International relations, including trade, provide opportunities to do this. Guy Ryder will no doubt expand on the approaches of the international trade union Movement tomorrow. We of course support them.

At the same time, the EU has a specific and important part to play.

... the EU has a specific and important part to play. The EU has the weight to set standards for the world. It needs to get its act together.

The EU has the weight to set standards for the world. It needs to get its act together. Just think of REACH, where we have allied trade with a protective approach to workers’ and consumers’ health and safety. The standards apply now much wider than just in EU-linked trade. And, en passant, I might say that the ETUC played a significant role in brokering the final agreement on that piece of legislation.

The biggest trading relationship in the world - that between the EU and the US - is also one of the few that is not ruled by a bilateral agreement, but by WTO rules. This is right: an EU-US cartel would not be in the general interest. At the same time we can give a joint lead.

We need an EU-US partnership on sustainable development. This, of course, presupposes that the EU itself can speak with one voice. Modest steps were taken with the adoption by the European Council last December on the climate change package and the Recovery Programme. But we have a long way to go if we are to speak with one voice.

We need to expand the agenda of the Transatlantic Economic Council (TEC) to cover such issues, as well as approaches to bilateral trade deals for example. Unions must be involved in the work of the TEC. It should not be left to business interests. We are acting on this, together with the American Federation of Labor and Congress of Industrial Organizations (AFL-CIO).

There needs to be a realisation that regulation – and deregulation – are not value-free, technical tools.
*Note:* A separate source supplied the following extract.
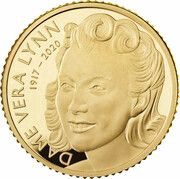 25 Pounds - Elizabeth II Dame Vera Lynn; Gold Proof, United Kingdom, 2022 reverse image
A global integration that threatens our social model and regulatory system increases the risk of trade conflicts. We need to reopen a discussion on bolstering our European "collective preferences" to promote global economic integration by reducing international tensions. That was proposed by Pascal Lamy five years ago, when he was still Trade Commissioner.

He was howled down then by the laissez-faire ideologues who held the upper hand: the same people who have brought us the current crisis. So maybe this is an idea whose time has now come.

Increasingly, restive and worried workers are demanding protection which could turn into demands for protectionism and nationalism unless Europe and its member states show the necessary common will to tackle the growing problems and provide genuine protection for workers. Succeeding in our internal agenda will have significant positive repercussions on that for external trade.